Beyond the obvious scholarship that goes into any UC Press book—research, writing, and editing—are challenges that even sophisticated readers and reviewers may remain happily unaware of. In this multi-part Behind the Scenes series, we throw light on the hurdles UC Press authors face in bringing their work to the public. From field work logistics in foreign countries, to the regulatory snags of evolving public policy, to the unique concerns that scholars of human subjects face, learn about the lengths to which authors go to present their scholarship to the public.
Fixing the ESA
The US Endangered Species Act protects over 2,000 species. Only 10 species have gone extinct after they were listed. On the other hand, only 25 species have been “de-listed” (meaning they’ve recovered enough to be considered safe from extinction).
Between those two statistics lie myriad perspectives on how well the ESA has performed since its ground-breaking inception over 40 years ago.

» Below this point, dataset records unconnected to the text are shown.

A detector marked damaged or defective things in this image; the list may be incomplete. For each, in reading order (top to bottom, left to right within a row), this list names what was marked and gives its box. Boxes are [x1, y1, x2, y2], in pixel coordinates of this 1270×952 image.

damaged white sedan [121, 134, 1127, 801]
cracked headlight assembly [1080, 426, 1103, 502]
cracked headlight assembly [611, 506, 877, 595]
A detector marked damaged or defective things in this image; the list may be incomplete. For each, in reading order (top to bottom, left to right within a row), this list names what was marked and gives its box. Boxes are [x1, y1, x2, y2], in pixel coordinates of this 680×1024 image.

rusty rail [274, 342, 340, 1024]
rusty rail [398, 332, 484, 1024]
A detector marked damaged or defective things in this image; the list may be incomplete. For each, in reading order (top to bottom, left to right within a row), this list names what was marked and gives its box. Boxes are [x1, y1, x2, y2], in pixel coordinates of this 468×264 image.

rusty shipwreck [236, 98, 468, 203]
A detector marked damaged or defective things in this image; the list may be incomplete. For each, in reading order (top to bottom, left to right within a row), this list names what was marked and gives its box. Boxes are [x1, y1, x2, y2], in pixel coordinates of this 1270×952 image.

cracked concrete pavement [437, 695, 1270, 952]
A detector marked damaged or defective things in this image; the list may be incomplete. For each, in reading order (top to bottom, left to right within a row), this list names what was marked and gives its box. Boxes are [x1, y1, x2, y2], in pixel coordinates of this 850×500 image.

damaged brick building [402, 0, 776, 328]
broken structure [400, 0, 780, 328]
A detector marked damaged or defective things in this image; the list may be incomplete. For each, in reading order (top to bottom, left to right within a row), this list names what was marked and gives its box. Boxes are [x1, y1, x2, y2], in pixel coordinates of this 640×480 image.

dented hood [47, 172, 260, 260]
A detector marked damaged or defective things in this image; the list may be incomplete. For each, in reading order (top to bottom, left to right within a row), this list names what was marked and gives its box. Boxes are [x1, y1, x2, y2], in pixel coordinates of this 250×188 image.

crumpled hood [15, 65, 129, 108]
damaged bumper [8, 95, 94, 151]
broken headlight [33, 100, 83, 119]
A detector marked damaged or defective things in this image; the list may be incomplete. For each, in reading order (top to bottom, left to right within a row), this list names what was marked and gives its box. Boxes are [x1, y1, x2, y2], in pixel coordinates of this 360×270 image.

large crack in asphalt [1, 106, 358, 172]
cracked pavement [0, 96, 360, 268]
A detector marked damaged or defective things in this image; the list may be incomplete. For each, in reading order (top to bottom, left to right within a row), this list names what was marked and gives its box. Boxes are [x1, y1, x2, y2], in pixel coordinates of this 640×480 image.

Josh Donlan, editor of the just-published Proactive Strategies for Protecting Species, has corralled unlikely bedfellows—private landowners, conservationists, government agencies, NGOs, scientists, academics, and developers—into sharing divergent viewpoints on how best to improve the ESA—that it’s outdated is the one point on which they all agree. (The ESA hasn’t been updated in 25 years, and litigation robs resources earmarked for species conservation.) He also debuts a pragmatic new approach to best conserve species headed toward extinction … helping as they speed toward the falls, rather than triaging after they’ve plunged over.
As Michael Bean notes in the foreword:
For many species, the protections of the ESA come very late in the game, when the odds are heavily stacked against success. If there is one clear lesson from the experience with the ESA over the past four decades, it is that conservation efforts need to get started earlier, before the plant and animal species reach the point at which they are at a high risk for extinction.
Switching from Stick to Carrot
Remember the adage “an ounce of prevention is worth a pound of cure?” It turns out that stewardship applied before a species gets listed means a great deal less animosity among stakeholders, which translates into much less litigation and wasted money. The species fares much better, too. Thus the birth of PLC, or pre-listing conservation, an approach that rewards efforts made “upstream” (before a species becomes a candidate for listing).
So who are these stakeholders, and why are they at odds?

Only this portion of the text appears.